Run **asynchronous batch scoring** as an Azure ML command job:
- No online endpoint required
- Produces a CSV output you can download
- Uses the registered MLflow model

In [None]:
# Batch scoring (1/3): resolve the model reference
from typing import Optional
from azure.ai.ml import Input, Output, command

model_name = registered_model.name
model_version = str(registered_model.version)
model_ref = f'azureml:{model_name}:{model_version}'

batch_n_rows = int(os.getenv('BATCH_N_ROWS', '100'))

print('Model reference:', model_ref)
print('Batch rows:', batch_n_rows)

In [None]:
# Batch scoring (2/3): submit job
from azure.ai.ml.entities import UserIdentityConfiguration

# Auto-select compute
batch_compute = os.getenv('AML_BATCH_COMPUTE', '').strip()
if not batch_compute:
    computes = list(ml_client.compute.list())
    aml_compute_names = [
        getattr(c, 'name', None) for c in computes
        if getattr(c, 'name', None)
        and ('amlcompute' in str(getattr(c, 'type', '')).lower())
    ]
    if not aml_compute_names:
        raise RuntimeError('No AmlCompute cluster found.
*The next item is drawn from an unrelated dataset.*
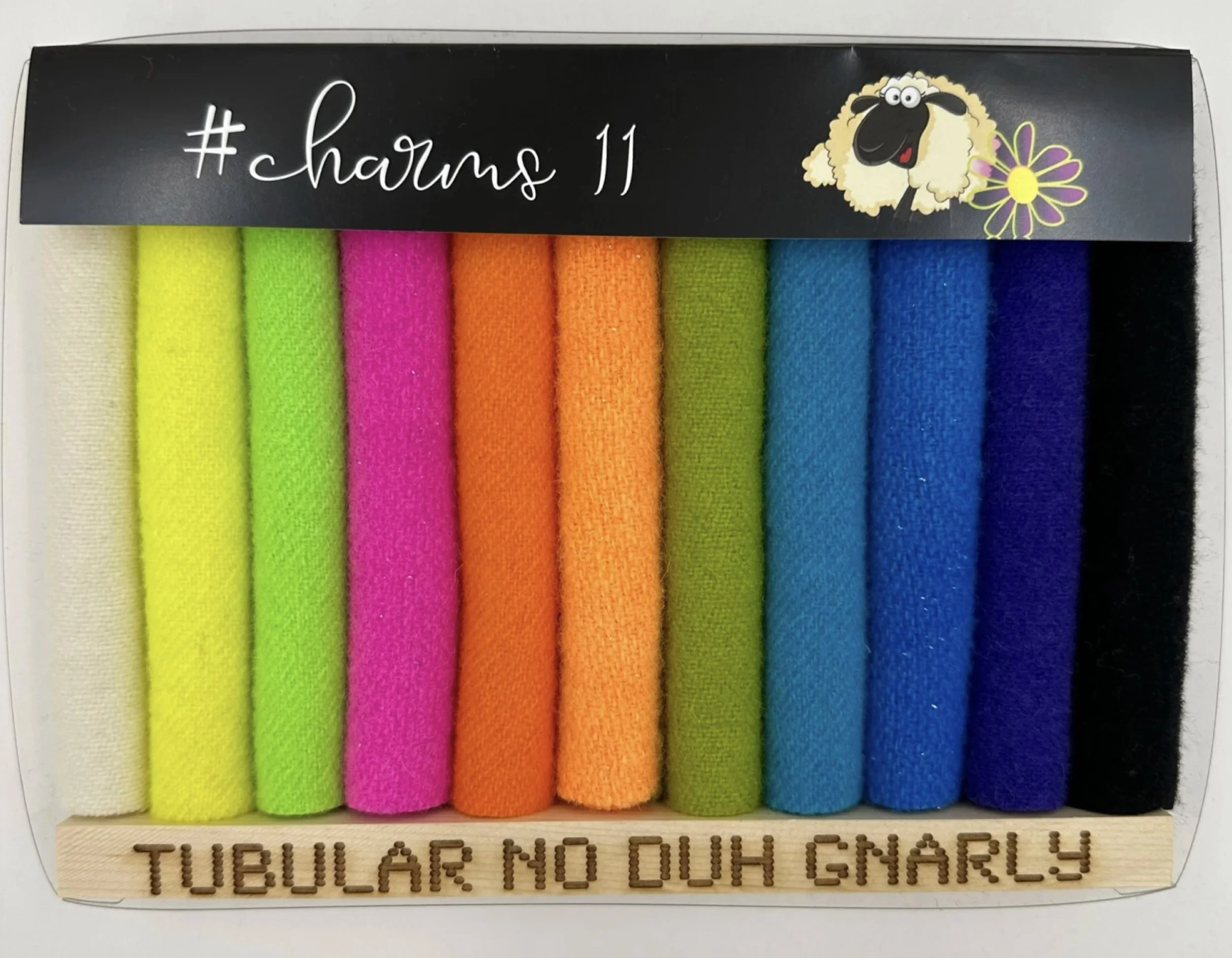 #Charms11 Neon 5in x 5in.jpeg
Create one in Azure ML Studio.')
    batch_compute = aml_compute_names[0]
    print('Auto-selected compute:', batch_compute)
else:
    print('Using compute:', batch_compute)

batch_env = 'azureml://registries/azureml/environments/sklearn-1.5/labels/latest'

inline_command = f"""python - <<'PYSCRIPT'
import os
import pandas as pd
import mlflow
from sklearn.datasets import fetch_openml

model_dir = r"${{{{inputs.model}}}}"
out_dir = r"${{{{outputs.predictions}}}}"
n_rows = {batch_n_rows}

spambase = fetch_openml(data_id=44, as_frame=True, parser='auto')
data = spambase.frame.rename(columns={{'class': 'is_spam'}})
X = data.drop('is_spam', axis=1).head(n_rows)

model = mlflow.pyfunc.load_model(model_dir)
preds = model.predict(X)

out = pd.DataFrame({{'prediction': preds}})
os.makedirs(out_dir, exist_ok=True)
out_path = os.path.join(out_dir, 'predictions.csv')
out.to_csv(out_path, index=False)
print('Wrote:', out_path)
PYSCRIPT
"""

batch_job = command(
    command=inline_command,
    inputs={'model': Input(type='mlflow_model', path=model_ref, mode='download')},
    outputs={'predictions': Output(type='uri_folder')},
    environment=batch_env,
    compute=batch_compute,
    experiment_name=experiment_name,
    display_name='batch-score-spam-classifier',
    identity=UserIdentityConfiguration(),
)

submitted = ml_client.jobs.create_or_update(batch_job)
print('Submitted batch scoring job:', submitted.name)

In [None]:
# Batch scoring (3/3): wait + download output
from pathlib import Path

wait_seconds = int(os.getenv('BATCH_WAIT_SECONDS', '900'))
poll_seconds = 15

start = time.time()
status = None
while True:
    status = ml_client.jobs.get(submitted.name).status
    print('Job status:', status)
    if status in {'Completed', 'Failed', 'Canceled'}:
        break
    if time.time() - start > wait_seconds:
        print('Job still running; re-run this cell later.')
        break
    time.sleep(poll_seconds)

if status == 'Completed':
    download_dir = Path('batch_outputs') / submitted.name
    download_dir.mkdir(parents=True, exist_ok=True)
    ml_client.jobs.download(name=submitted.name, download_path=str(download_dir), output_name='predictions')
    print('Downloaded to:', download_dir.resolve())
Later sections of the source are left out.